[EXERCISE]
A stretch of the entries below is to be set down exactly, running from the line with "Close-up of statue against black background" through the line with "A shiny glittered", both included, and no other line.
▬▬▬▬▬▬▬▬▬▬
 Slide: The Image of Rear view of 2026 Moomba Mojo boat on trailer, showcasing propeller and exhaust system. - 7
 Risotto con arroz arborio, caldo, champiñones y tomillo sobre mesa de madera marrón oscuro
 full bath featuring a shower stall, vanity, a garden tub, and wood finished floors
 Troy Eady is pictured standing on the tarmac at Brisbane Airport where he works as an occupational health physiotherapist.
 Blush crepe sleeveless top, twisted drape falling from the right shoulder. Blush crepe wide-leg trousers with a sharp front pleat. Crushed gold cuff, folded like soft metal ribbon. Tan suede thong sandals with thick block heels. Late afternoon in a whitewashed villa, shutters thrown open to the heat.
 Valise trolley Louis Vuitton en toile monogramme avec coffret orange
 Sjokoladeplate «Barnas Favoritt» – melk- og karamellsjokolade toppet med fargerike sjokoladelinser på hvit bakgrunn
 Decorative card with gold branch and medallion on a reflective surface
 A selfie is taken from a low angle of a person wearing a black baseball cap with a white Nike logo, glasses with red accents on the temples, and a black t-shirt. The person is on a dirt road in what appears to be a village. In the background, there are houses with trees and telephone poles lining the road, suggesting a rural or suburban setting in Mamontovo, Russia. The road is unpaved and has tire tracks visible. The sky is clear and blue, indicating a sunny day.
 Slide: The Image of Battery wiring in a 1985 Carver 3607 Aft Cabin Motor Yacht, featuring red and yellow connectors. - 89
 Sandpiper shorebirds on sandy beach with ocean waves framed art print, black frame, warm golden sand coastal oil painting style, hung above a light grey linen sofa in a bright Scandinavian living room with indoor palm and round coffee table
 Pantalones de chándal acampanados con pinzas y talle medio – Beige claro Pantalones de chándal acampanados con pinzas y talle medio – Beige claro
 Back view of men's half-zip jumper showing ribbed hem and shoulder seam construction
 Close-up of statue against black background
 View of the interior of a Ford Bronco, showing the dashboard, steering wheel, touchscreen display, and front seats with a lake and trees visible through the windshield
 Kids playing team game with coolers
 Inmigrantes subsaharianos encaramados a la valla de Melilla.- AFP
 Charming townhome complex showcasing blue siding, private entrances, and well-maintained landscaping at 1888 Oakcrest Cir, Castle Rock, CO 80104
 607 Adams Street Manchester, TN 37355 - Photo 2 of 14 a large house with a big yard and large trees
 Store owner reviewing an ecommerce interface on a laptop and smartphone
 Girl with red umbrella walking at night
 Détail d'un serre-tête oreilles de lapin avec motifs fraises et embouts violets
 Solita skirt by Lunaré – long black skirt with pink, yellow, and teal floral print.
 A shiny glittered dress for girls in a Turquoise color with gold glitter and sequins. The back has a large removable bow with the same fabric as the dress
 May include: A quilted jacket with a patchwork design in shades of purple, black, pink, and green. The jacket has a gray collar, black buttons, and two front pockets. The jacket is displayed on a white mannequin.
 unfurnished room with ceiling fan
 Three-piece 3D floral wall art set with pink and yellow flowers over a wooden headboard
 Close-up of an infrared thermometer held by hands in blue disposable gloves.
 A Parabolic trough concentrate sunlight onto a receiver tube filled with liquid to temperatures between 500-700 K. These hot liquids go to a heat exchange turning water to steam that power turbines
▬▬▬▬▬▬▬▬▬▬
[ANSWER TO THIS TASK]
 Close-up of statue against black background
 View of the interior of a Ford Bronco, showing the dashboard, steering wheel, touchscreen display, and front seats with a lake and trees visible through the windshield
 Kids playing team game with coolers
 Inmigrantes subsaharianos encaramados a la valla de Melilla.- AFP
 Charming townhome complex showcasing blue siding, private entrances, and well-maintained landscaping at 1888 Oakcrest Cir, Castle Rock, CO 80104
 607 Adams Street Manchester, TN 37355 - Photo 2 of 14 a large house with a big yard and large trees
 Store owner reviewing an ecommerce interface on a laptop and smartphone
 Girl with red umbrella walking at night
 Détail d'un serre-tête oreilles de lapin avec motifs fraises et embouts violets
 Solita skirt by Lunaré – long black skirt with pink, yellow, and teal floral print.
 A shiny glittered dress for girls in a Turquoise color with gold glitter and sequins. The back has a large removable bow with the same fabric as the dress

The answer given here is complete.